After finding the line that contains "Bitvisus 4k60 Industrial" in the entries below, retype it and every following line precisely, the last included.

[Data supplied]

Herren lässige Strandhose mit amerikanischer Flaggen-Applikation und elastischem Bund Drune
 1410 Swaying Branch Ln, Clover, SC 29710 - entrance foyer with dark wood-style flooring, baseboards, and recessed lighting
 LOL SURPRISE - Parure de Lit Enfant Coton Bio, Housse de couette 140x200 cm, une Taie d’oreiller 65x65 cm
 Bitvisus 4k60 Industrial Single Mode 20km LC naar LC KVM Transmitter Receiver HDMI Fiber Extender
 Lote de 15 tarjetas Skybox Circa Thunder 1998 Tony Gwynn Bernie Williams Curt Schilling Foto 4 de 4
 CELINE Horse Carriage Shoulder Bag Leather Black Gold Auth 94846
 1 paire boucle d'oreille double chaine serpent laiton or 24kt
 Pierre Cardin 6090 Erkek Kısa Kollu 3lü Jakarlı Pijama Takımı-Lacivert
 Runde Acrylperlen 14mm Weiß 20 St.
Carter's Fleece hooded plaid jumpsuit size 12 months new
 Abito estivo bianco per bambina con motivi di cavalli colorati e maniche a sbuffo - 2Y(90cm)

[/Data supplied]

_Task result_
 Bitvisus 4k60 Industrial Single Mode 20km LC naar LC KVM Transmitter Receiver HDMI Fiber Extender
 Lote de 15 tarjetas Skybox Circa Thunder 1998 Tony Gwynn Bernie Williams Curt Schilling Foto 4 de 4
 CELINE Horse Carriage Shoulder Bag Leather Black Gold Auth 94846
 1 paire boucle d'oreille double chaine serpent laiton or 24kt
 Pierre Cardin 6090 Erkek Kısa Kollu 3lü Jakarlı Pijama Takımı-Lacivert
 Runde Acrylperlen 14mm Weiß 20 St.
Carter's Fleece hooded plaid jumpsuit size 12 months new
 Abito estivo bianco per bambina con motivi di cavalli colorati e maniche a sbuffo - 2Y(90cm)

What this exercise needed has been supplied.